Thursday, May 12, 2005

Does Age Make a Difference?

Off to NYC tomorrow after school for AWNY. We're just under $1000. Don't forget folks. It's not too late to get rid of that spare change you have laying around-the link is on the page. Thanks to those of you who have donated. It means a lot.

I haven't packed yet which is typical. I think I'll get up at 5 and do it then. Supposed to rain this weekend. Last time I was there it practically flooded.

I'm looking forward to the drive. I know that sounds nuts, but there is something really healing about a long drive with you and the radio. I will be practicing my Karaoke skills for Saturday.

Opinion time...(figure I'll get a good one going while I'm gone.) What do you think about dating someone much older or younger than you? (I finally emailed a guy back who has emailed me a few times. The only thing I'm apprehensive about is that he is a bit older than me.) What's the biggest age difference you would do? Does it make a difference? Can personality override the gap? I know some people who have and even married someone much older than them. Shit, my great aunt and uncle were 25 years apart. (I know...sounds creepy, but they were married forever!) "Nunya" I think is too young. Only a year younger, but too immature and unreliable...I'm ready to dump that chump, again.
Okay...I'll leave you to chew on that. More exciting stories after the weekend.

Daily Horoscope
Intuition is just tuition with an 'in.' And today, you've got a specially reserved scholarship spot waiting for you at the U of Intuition. Make the most of your opportunities there!

6 comments:

Lesterhead said...

I'd always go older vs. younger, just bc men are so god damn immature. I'm nearing 27, and I'd probably date someone who was... 35? There's a guy at work I flirt wth regularly who's 36 (going on 23). I think it's a case by case basis, but I'd be hesitant to go over 39.

Anonymous said...

Well, I generally date around my age, but lately I'm hesitant to date anyone younger than me -- I knowit's horrible, but really, I don't want a guy who's 23 (I'm almost 29) and just started his first job.

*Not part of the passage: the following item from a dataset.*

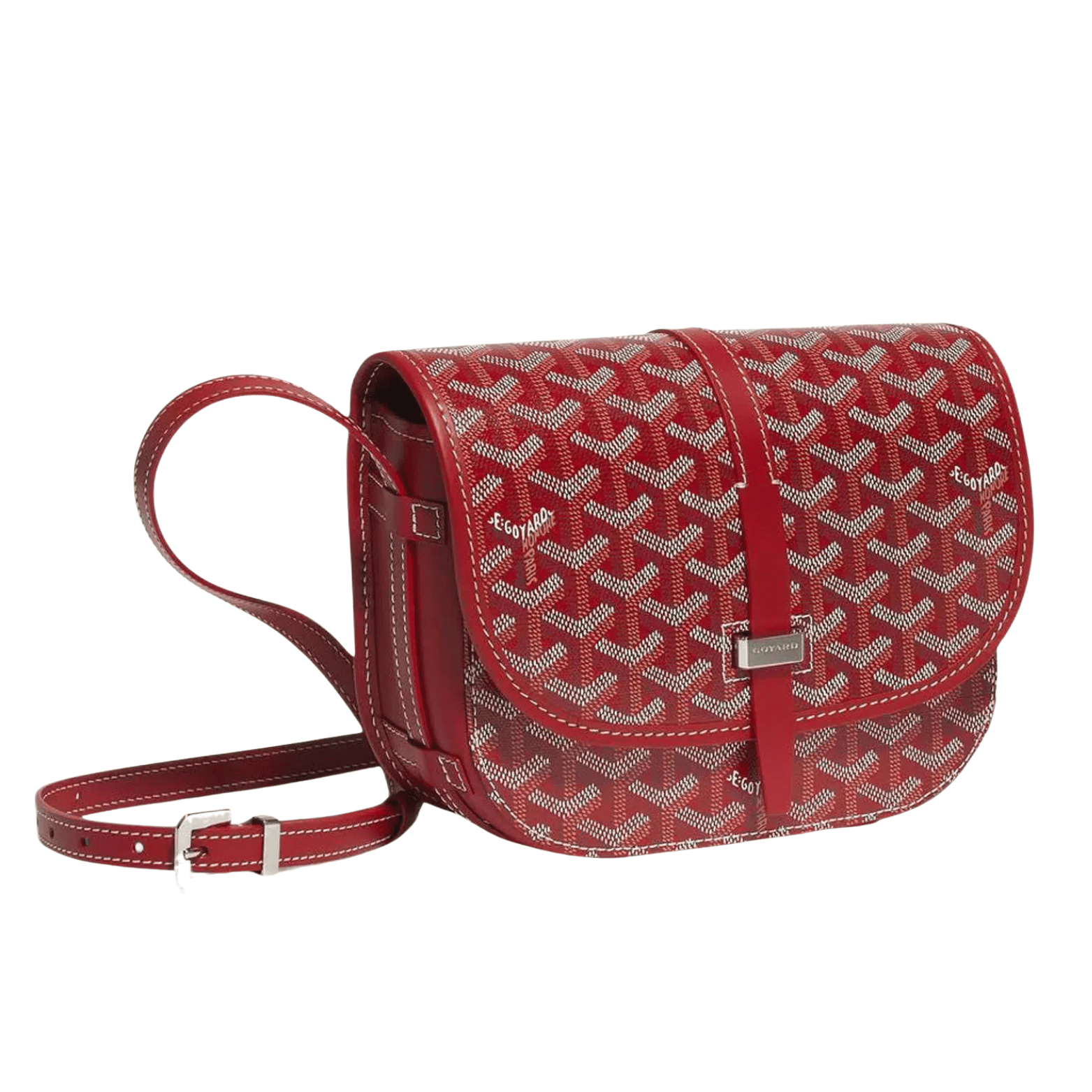 Goyard Bag | Red Leather Bag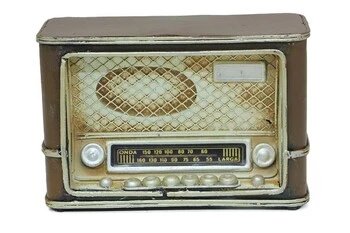 Dekoratif Metal Radyo ürün görseli 1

I also generally date men within 5 years of my age.

HOWEVER -- if a man came along and I was attrated to him right away, I'd throw my ageist theories out the window and explore.

Anonymous said...

I have a few college friends who are 26, and married guys in the 35-40 age category. On the plus side, the guys are super nice, established financially and professionally, and are more mature than younger guys. But, both guys were very eager to be married (one of which proposed after 5 months) and have kids. I guess when a guy is older and erectile dysfunction is just a few years away - they gotta think about children while they can still get it up!

Anonymous said...

Pardon my stumbling through here, but I had to comment. I am with this Danni person. Exploration is the best way to go, as long as you have an open mind about everything and not nit-pick the person to death with the "why it will never work" evaluations. As for the maturity issues...I don't understand how a person can say "men are so god damn immature." Depends on where you look, I guess. Statements like that and the one about men not being mature at ANY age are pretty insightful.

I read over some of your postings, and it seems kind of interesting the way you categorize your possible beaus. This guy is too old, one is to fat, the other guy is to dumb, yet another is to immature. My favorite is the one about the vegetarian...you cant date a guy because his diet is different than yours? Wow. I wish I had so many dating options that I was able to be so superficially picky. So what happens when your "perfect" guy rolls around and he doesn't like you for some superficial reason? I'm SURE its entirely the lack of mature eligible men why the perfect, single women posting here can't find the "right" guy. Straight guys are so imperfect and disappointing!

I say stop making things so "Seinfeldian" and just let things happen with the old guy, the young guy, the dumb guy or that vegetarian guy. Who cares.

Big Buddha said...

My thinking on the age thing is that there isn't anything wrong with it. (As long as the person is of legal age that is.) It's more of a morality problem and "Ohmigod! What will other people think?" than an actual issue.

I'm older, mid 30's, but I tend to find I have more in common with 20-somethings than with woman my own age. If they don't have an issue with it I don't have an issue with it. Screw what people think.

BUT people who refuse to eat meat...DEAL BREAKER.

Anonymous said...

I'm with Brooklyn Jay. Age has never been an issue with my wives.